VII. Although Darius seems rather to have possessed the ardour for conquest than the genius for war, his reign was memorable for many military triumphs, some cementing, others extending, the foundations of the empire. A formidable insurrection of Babylon, which resisted a siege of twenty-one months, was effectually extinguished, and the new satrap government, aided by the yearly visits of the king, appears to have kept from all subsequent reanimation the vast remains of that ancient empire of the Chaldaean kings. Subsequently an expedition along the banks of the Indus, first navigated for discovery by one of the Greeks whom Darius took into his employ, subjected the highlands north of the Indus, and gave that distant river as a new boundary to the Persian realm. More important, had the fortunes of his son been equal to his designs, was the alarming settlement which the monarch of Asia effected on the European continent, by establishing his sovereignty in Thrace and Macedonia—by exacting homage from the isles and many of the cities of Greece—by breaking up, with the crowning fall of Miletus, the independence and rising power of those Ionian colonies, which ought to have established on the Asiatic coasts the permanent barrier to the irruptions of eastern conquest. Against these successes the loss of six thousand four hundred men at the battle of Marathon, a less number than Darius deliberately sacrificed in a stratagem at the siege of Babylon, would have seemed but a petty counterbalance in the despatches of his generals, set off, as it was, by the spoils and the captives of Euboea. Nor were the settlements in Thrace and Macedon, with the awe that his vast armament excited throughout that portion of his dominions, an insufficient recompense for the disasters of the expedition, conducted by Darius in person, against the wandering, fierce, and barbarous Mongolian race, that, known to us by the name of Scythians, worshipped their war-god under the symbol of a cimeter, with libations of human blood—hideous inhabitants of the inhospitable and barren tracts that interpose between the Danube and the Don.

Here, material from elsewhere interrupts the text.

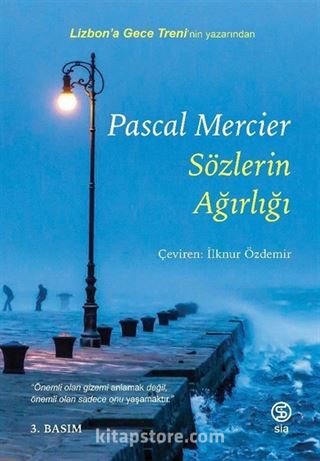 Sözlerin Ağırlığı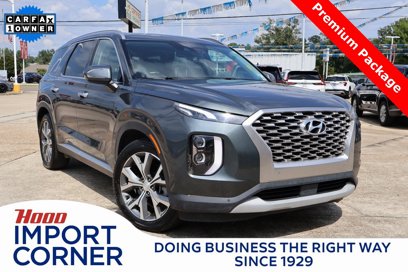 Used 2022 Hyundai Palisade SEL w/ Premium Package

VIII. Thus the heritage that passed from Darius to Xerxes was the fruit of a long and, upon the whole, a wise and glorious reign. The new sovereign of the East did not, like his father, find a disjointed and uncemented empire of countries rather conquered than subdued, destitute alike of regular revenues and local governments; a wandering camp, shifted to and fro in a wilderness of unconnected nations— Xerxes ascended the throne amid a splendid court, with Babylon, Ecbatana, Persepolis, and Susa for his palaces. Submissive satraps united the most distant provinces with the seat of empire. The wealth of Asia was borne in regular currents to his treasury. Save the revolt of the enfeebled Egyptians, and the despised victory of a handful of men upon a petty foreland of the remote Aegaean, no cloud rested upon the dawn of his reign. As yet unfelt and unforeseen were the dangers that might ultimately result from the very wisdom of Darius in the institution of satraps, who, if not sufficiently supported by military force, would be unable to control the motley nations over which they presided, and, if so supported, might themselves become, in any hour, the most formidable rebels. To whatever prestige he inherited from the fame of his father, the young king added, also, a more venerable and sacred dignity in the eyes of the Persian aristocracy, and, perhaps, throughout the whole empire, derived, on his mother’s side, from the blood of Cyrus. Never, to all external appearance, and, to ordinary foresight, under fairer auspices, did a prince of the East pass from the luxury of a seraglio to the majesty of a throne.